TimeStamp is part of SM?

David T. Lewis lewis at mail.msen.com
Mon Jan 6 04:51:02 UTC 2003


On Sun, Jan 05, 2003 at 02:39:23PM +0300, Lex Spoon wrote:
> 
> The only bad part of the DateAndTime is that the support for getting a
> timestamp-plus-offset from the OS never got put into the main
> distribution of the ANSI patches.  This is extremely simple, but you do
> have to add a primitive to the VM.  The primitive is even quite
> portable: gettimeofday() provides all that you need, and this function
> is probably widely available.  The primitive simply returns both the
> local time and the UTC time, which can be conveniently encoded as two or
> four integers (I forget how many).  I even coded this up once, but it
> never gained much interest for some reason.

I saved the code if anyone wants it.

> Also, the ANSI patches do not include much support for real timezone
> calculations.  For example, they don't let you convert a UTC time to an
> eastern US time.  However, note that this kind of calculation is quite
> tough.  

A dumb time zone representation which just knows about its current
UTC offset is probably adequate for most purposes.
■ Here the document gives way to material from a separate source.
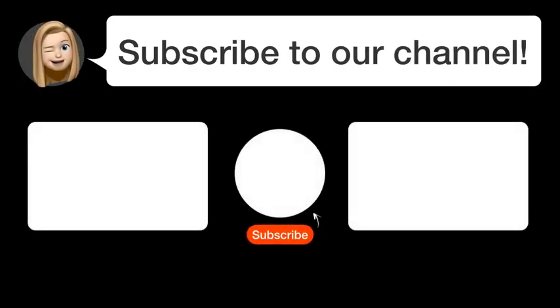Did you find this video helpful? By subscribing, you help us continue to answer users' questions. So, subscribe to our channel. Thanks for watching and see you in the next video.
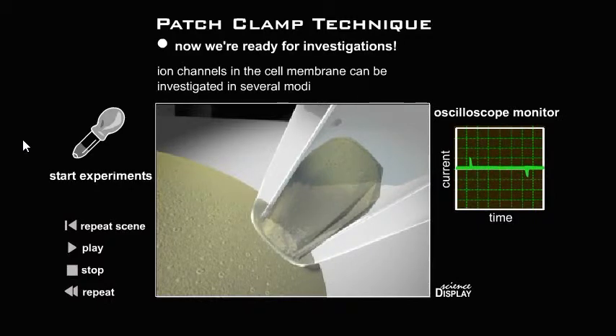Suction in the patch pipette causes deformation of the cell membrane and the building of a seal. Apply suction. Now we are ready for investigations. Ion channels in the cell membrane can be investigated in several modes. Start experiments.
As you say, doing it
right is rather complicated.
 
> At the least, a package supporting this stuff should probably restrict
> itself to the timezone that the machine is running in; every country in
> the world is allowed to have its own timezone regulations, and so
> dealing with arbitrary timezones sounds quite tough.  As a practical
> Unix example, consider curses and its termcap database.  It's hard to
> keep the databases up to date on every machine you use, and ultimately
> you even run into people using a string like "xterm" to mean different
> things!  Timezone databases would likely have similar problems, even
> though they are more carefully regulated.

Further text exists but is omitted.